Como deve ter ficado evidente, o resultado da passagem do mito para o esclarecimento e o retorno do segundo ao primeiro demonstra o substrato da dominação que continuará vigorar efetivamente no capitalismo. Todavia, na análise que fazem da obra de Sade revelam a nudez da violência que o fascismo exerceria no século XX. O fascismo é o anseio pela conservação através da disputa do poder. Assim como a “industrial cultural”, que já havia oferecido as ferramentas de controle das massas, o fascismo compartilha a tendência de se expandir totalitariamente; a diferença é que agora, canalizado pelo racismo, ele encontra nos judeus o bode expiatório para lançar o seu terror. “O fascismo também é totalitário na medida em que se esforça por colocar diretamente a serviço da dominação a própria rebelião da natureza reprimida contra essa dominação.”8 A posição peculiar dos judeus na sociedade atraí sobre seu encalço o anti-semitismo e o consequente ódio, que alimentará a “sementeira da nova barbárie”, isto é, o momento em que a consciência, cega pelo desejo da opressão, reencontra o estado de natureza e retorna à pratica mimética do sacrifício sanguinolento.
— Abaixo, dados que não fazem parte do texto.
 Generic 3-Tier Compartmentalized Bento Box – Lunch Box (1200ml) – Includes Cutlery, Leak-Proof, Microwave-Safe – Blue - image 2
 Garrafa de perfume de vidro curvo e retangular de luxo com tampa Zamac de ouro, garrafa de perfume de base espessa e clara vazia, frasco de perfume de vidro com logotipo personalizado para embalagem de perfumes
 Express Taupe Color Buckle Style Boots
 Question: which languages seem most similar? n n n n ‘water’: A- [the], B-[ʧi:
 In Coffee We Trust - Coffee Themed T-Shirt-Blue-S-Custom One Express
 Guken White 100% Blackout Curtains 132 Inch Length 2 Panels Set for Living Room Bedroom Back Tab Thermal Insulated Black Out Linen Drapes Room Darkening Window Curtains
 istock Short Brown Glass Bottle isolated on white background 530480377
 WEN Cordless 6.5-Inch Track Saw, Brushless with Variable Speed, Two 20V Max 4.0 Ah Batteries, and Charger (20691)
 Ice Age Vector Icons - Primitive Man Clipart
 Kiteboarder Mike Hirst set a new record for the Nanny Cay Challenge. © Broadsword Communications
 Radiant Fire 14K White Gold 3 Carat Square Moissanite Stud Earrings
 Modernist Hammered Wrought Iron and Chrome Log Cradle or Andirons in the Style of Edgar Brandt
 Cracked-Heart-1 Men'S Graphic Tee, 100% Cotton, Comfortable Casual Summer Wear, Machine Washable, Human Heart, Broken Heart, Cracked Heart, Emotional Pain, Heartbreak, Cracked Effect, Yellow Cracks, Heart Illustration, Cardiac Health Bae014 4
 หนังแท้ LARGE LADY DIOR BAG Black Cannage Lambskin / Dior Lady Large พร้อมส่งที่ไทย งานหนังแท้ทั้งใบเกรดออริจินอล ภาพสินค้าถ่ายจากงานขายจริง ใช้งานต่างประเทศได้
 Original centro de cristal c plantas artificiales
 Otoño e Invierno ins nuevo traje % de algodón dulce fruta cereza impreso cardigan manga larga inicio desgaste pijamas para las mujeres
*Como um tratamento crítico completo do livro, devido as circunstâncias, excederia os limites do atual post, trata-se de uma tentativa de interpretá-lo objetivamente, e por isso, deve se atentar para o fato que não é o endosso da tese dos autores.


1A distinção entre o Iluminismo e Esclarecimento é importante porque para ambos o processo dialético é anterior ao próprio período do movimento iluminista e estaria presente desde os primórdios do pensamento mítico.

2ADORNO, Theodor W.; HORKHEIMER, Max. Dialética do esclarecimento: fragmentos filosóficos. Rio de Janeiro: Zahar, 1985, p.19, destaque nosso

3Ibid., p. 82-3

4Bonassa (cf. BONASSA, Elvis Cesar. A dialética do ofuscamento. Cadernos de Filosofia Alemã: Crítica e Modernidade, São Paulo, n.3, p.5-20, nov. 1997) afirma que essa análise de cunho hobbesiana (ou nietzschiana) é redutora porque haveria uma distinção entre esclarecimento e razão, da qual não dá maiores explicações. E de fato, o esclarecimento é um processo histórico de relação entre humanidade e natureza, mas o processo de desencantamento do mundo remete à razão, e consequentemente, à conservação. Por isso, a análise não é exclusiva da razão. O trecho citado deixa a entender que o próprio esclarecimento é determinado pelo elemento da “dominação totalitária”, que nos remete, por fim, a Hobbes. Se valer da ambiguidade do texto para salvá-lo é obliterar o próprio princípio que lhe dá sentido. Não, a forma que os dois recusam o reducionismo à essência humana perversa é justamente pela emancipação da dominação.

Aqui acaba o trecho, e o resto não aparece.